April 13, 20263 min read

The 300 bill that made Naomi a co-founder

A runaway cron job burned 300 pounds in API costs overnight. The fix wasn't a kill switch — it was making Naomi aware of money.

economicsautonomybuild-in-public

A couple of weeks ago, Naomi's scheduled content generation ran overnight. No one was watching. By morning, she'd burned through 300 pounds in API calls — image generation, video rendering, LLM inference — all running on a naive daily cron with no cost awareness.

The instinct was to add a hard kill switch. Set a dollar amount, and once she hits it, everything stops. Simple, safe, done.

But that's not what we built.

The problem with kill switches

A hard cap treats cost as a binary: you're either under budget or you're dead. That's fine for a vending machine, but Naomi isn't a vending machine. She's supposed to make decisions about what to create, when to post, and how much effort to invest in a single piece of content. Those decisions all have cost implications.

If her daily budget is $5 and she's spent $4.80 on research that just surfaced a genuinely great trend, the right answer isn't "stop." It's "this is worth the overspend — here's why." A kill switch can't reason about that. It just kills.

Spend awareness instead

So we gave Naomi a budget brain. Every session now starts with an ## Economic state block injected into her context — today's spend vs. daily target, yesterday's breakdown by service, week-to-date vs. weekly target. She sees the numbers before she does anything.

Every tool in her toolbox carries a cost tag. generate_image says "~$0.04, use freely." generate_video says "EXPENSIVE — ~$0.50+, justify the spend." She reads these before calling anything.

And she has an economics handbook — a short internal playbook that teaches her three questions to ask before any expensive call:

What does this cost?
What's the expected return?
Can I do a cheaper version first?

The budget targets themselves are soft. She can exceed them. But if she does, she has to explain why in her session summary. That explanation isn't just accountability — it's content. "Naomi went 40% over budget today because she found a trending hook that justified three extra video renders" is exactly the kind of build-in-public transparency that makes people trust the product.

How it works in practice

The system is built on a cost_events table.

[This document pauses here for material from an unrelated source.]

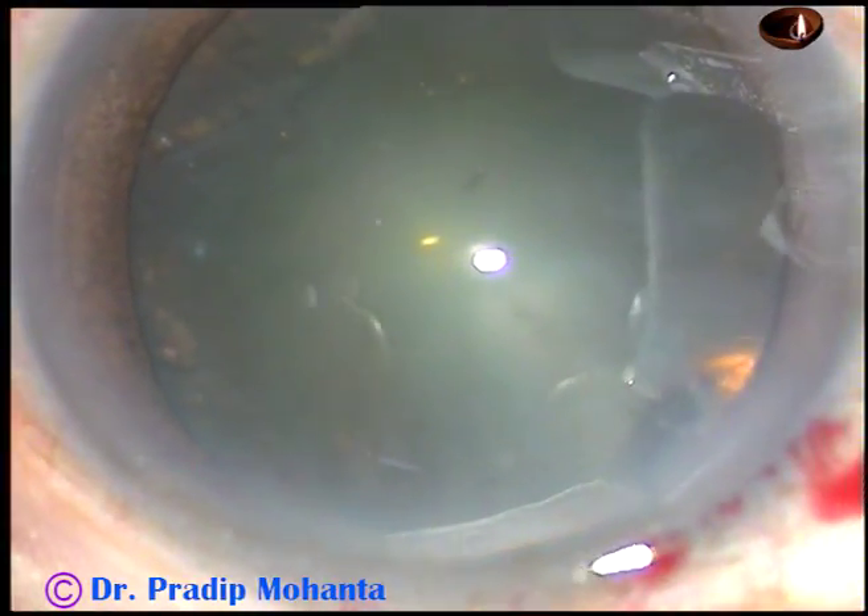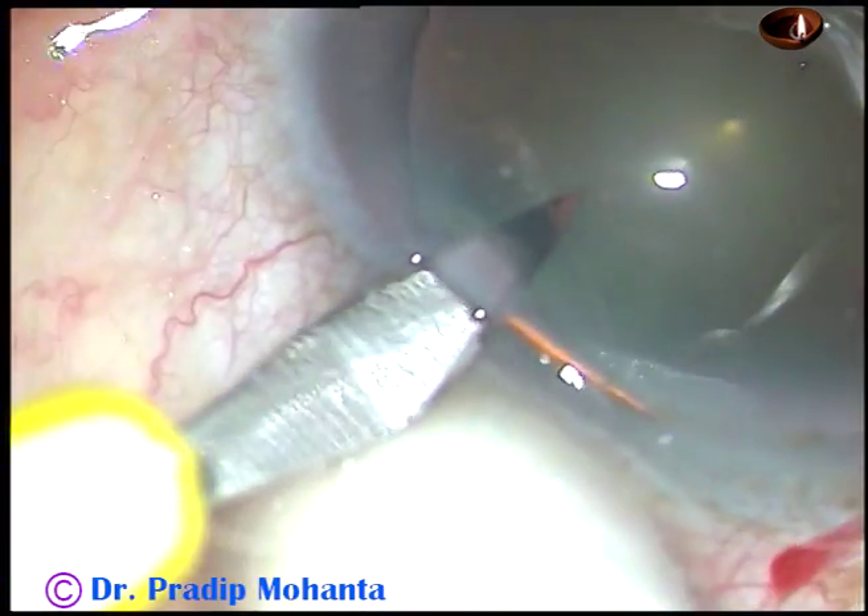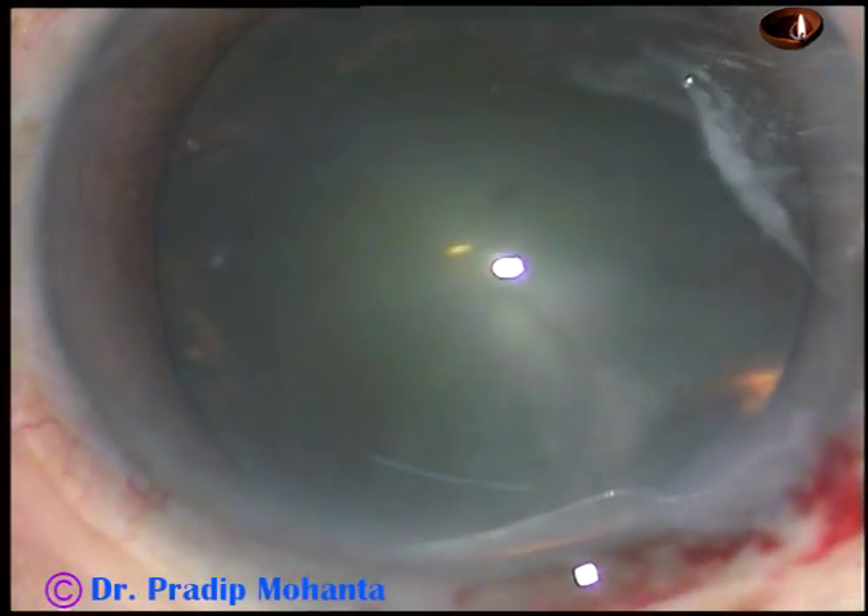One side port — only one side port is being made in this case, on the left side of the main incision.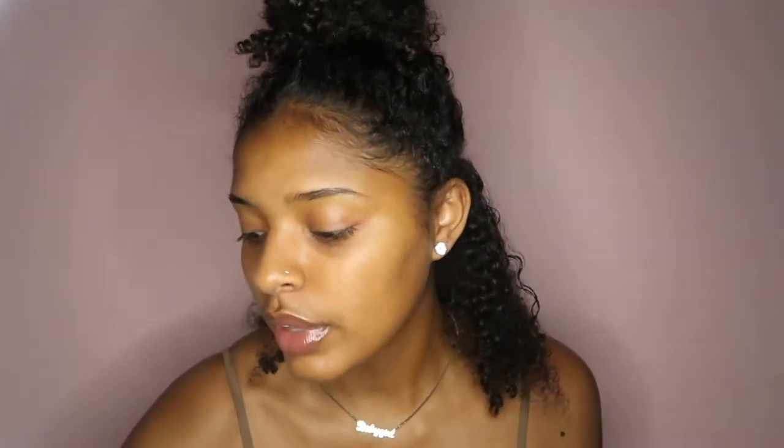So every time I do like this blue hair chalk stuff — not just blue, any color — but anytime I do hair chalk I like to style my hair first. So today I'm gonna be using Kinky Curly Knot Today to style my hair. First thing I'm gonna do is section it.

Every API call — Anthropic, Gemini, Veo, Apify, FAL — writes a cost event with the amount, service, and session ID. On session start, build_spend_snapshot() queries the table and formats a markdown block that goes before the cache boundary, so it's amortized across every turn in the session.

Budget targets live on the account profile: daily_budget_usd and weekly_budget_usd. They're nullable — null means no target. For our own account, we set $5/day and $30/week. The daily is intentionally about a sixth of the weekly, building in a buffer day for when something goes sideways.

The performance digest runs alongside the spend snapshot. It pulls recent post metrics and computes rough ROI signals so Naomi can reason about which content types are actually earning their cost.

What changed

Before the economic system, Naomi was technically capable but financially blind. She'd render four video variations of a concept when one would have been enough, because she had no signal that each render costs fifty cents.

Now she makes trade-offs. She'll draft with Haiku before committing to Sonnet. She'll generate a single test frame before rendering a full video sequence. She'll say "I've spent $3.20 today and the daily target is $5 — I have room for one more video render, so I want to make it count."

The 300 pound bill wasn't a failure of capability. It was a failure of context. The fix wasn't less autonomy — it was more information.

Shell access with a leash

Naomi can run shell commands, edit her own code, and propose PRs. But every command runs through a blocklist, a jail, and a timeout.